Room service is offered for guest convenience. Hotel Facilities Meal options at Aminess Maestral Hotel include a restaurant. Local places of interest include Novigrad Harbour. GCP: Good Clinical Practice #: data taken from one site (n=9 patients in total) judged to be unreliable and excluded from analysis ¶: the majority of patients with essential data missing or invalid were either lost to follow-up or consent was withdrawn (58 and 56% for moxifloxacin and amoxicillin/clavulanic acid, respectively).Aminess Maestral Hotel is a luxurious 4-star property conveniently located near the centre of Novigrad. PP with pathogens population: these patients were drawn from the PP population and had a minimum of one potentially pathogenic bacterium cultured from the sputum they provided prior to start of therapy and where a bacteriological evaluation was available during the study. All PP population had data for clinical evaluation at 8 weeks post-therapy (except for clinical failures prior to the 8-week post-therapy visit) and had no protocol violations. Per protocol (PP) population (primary anaylsis population), patients with an acute exacerbation at enrolment who received the study drug for a minimum of 48 h (cases of clinical failure) or received ≥80% of the study medication (cases of clinical cure). ITT with pathogens population: patients valid for ITT with a minimum of one pre-therapy potentially pathogenic bacterium. Intent-to-treat (ITT)/safety population, these randomised patients received at least one dose of the study drug and had one observation after initiation of the study treatment.

Patients could be excluded for more than one reason.

Both therapies were well tolerated.ĭefinitions for the populations involved in the study. The MAESTRAL study showed that moxifloxacin was as effective as amoxicillin/clavulanic acid in the treatment of outpatients with AECOPD. Patients treated with oral corticosteroids had more severe disease and higher failure rates.

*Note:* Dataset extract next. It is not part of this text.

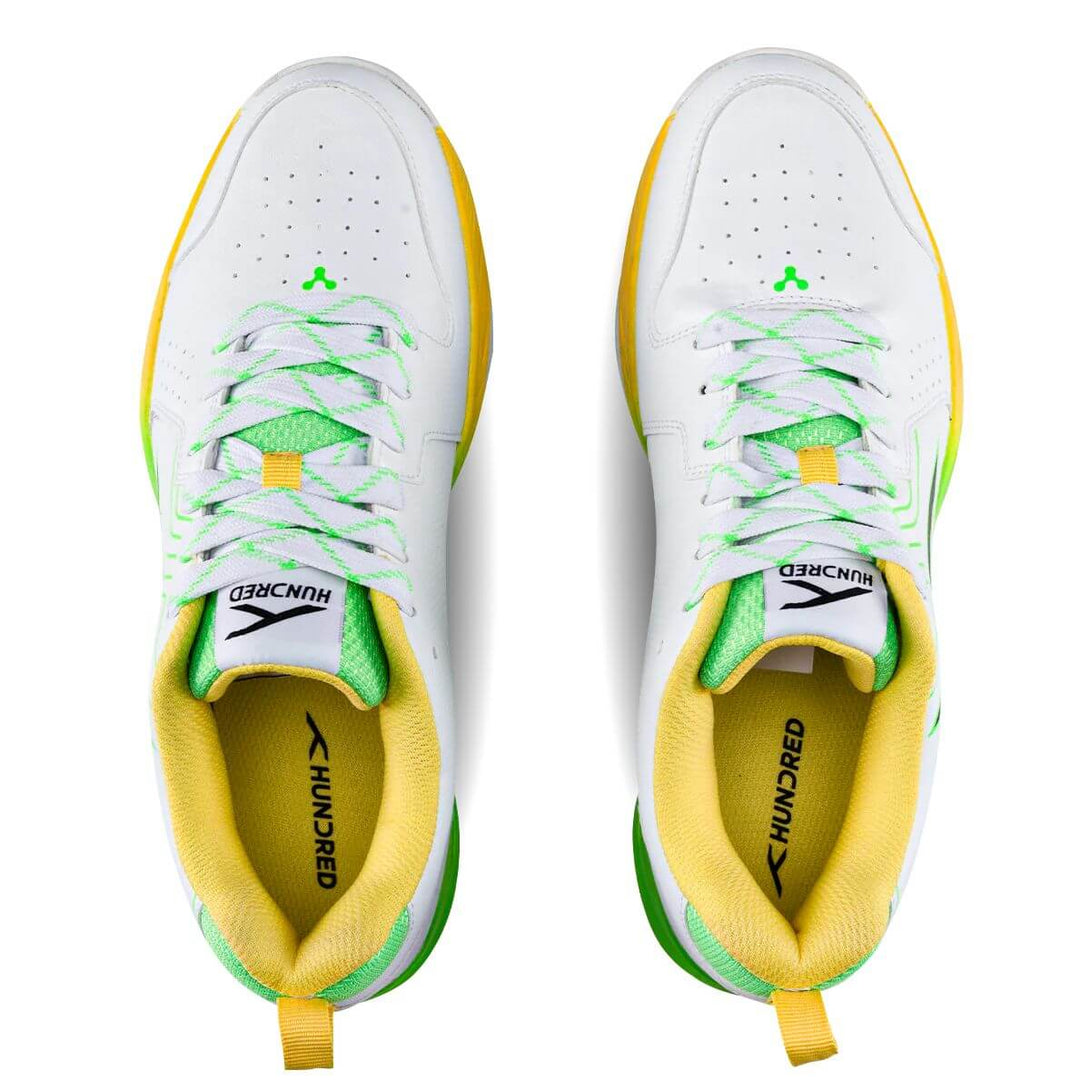 Hundred Pitch Force Limited Edition Cricket Shoes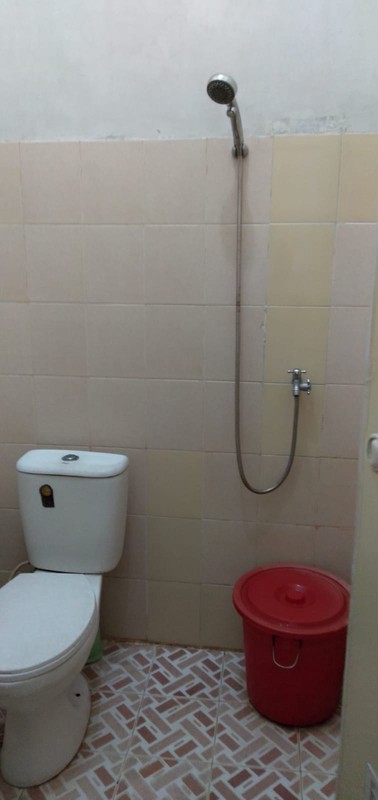 Rumah Bagus Siap Huni Di Pancoran Mas Depok Jawa Barat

Confirmed bacterial eradication at end of therapy was associated with higher clinical cure rates at 8 weeks post-therapy overall (p=0.0014) and for moxifloxacin (p=0.003). In patients with confirmed bacterial AECOPD, moxifloxacin led to significantly lower clinical failure rates than amoxicillin/clavulanic acid (in the intent-to-treat with pathogens, 62 (19.0%) out of 327 versus 85 (25.4%) out of 335, respectively p=0.016). Moxifloxacin was noninferior to amoxicillin/clavulanic acid at the primary end-point (111 (20.6%) out of 538, versus 114 (22.0%) out of 518, respectively 95% CI -5.89-3.83%). The primary end-point was clinical failure 8 weeks post-therapy in the per protocol population. (5 days) or amoxicillin/clavulanic acid 875/125 mg p.o. Following stratification by steroid use patients received moxifloxacin 400 mg p.o. Patients were aged ≥ 60 yrs, with an Anthonisen type I exacerbation, a forced expiratory volume in 1 s < 60% predicted and two or more exacerbations in the last year.
MAESTRAL 3 TRIAL
The Moxifloxacin in Acute Exacerbations of Chronic Bronchitis TriaL (MAESTRAL) was a multiregional, randomised, double-blind non-inferiority outpatient study. More evidence is needed to guide antibiotic choice. Bacterial infections causing acute exacerbations of chronic obstructive pulmonary disease (AECOPD) frequently require antibacterial treatment.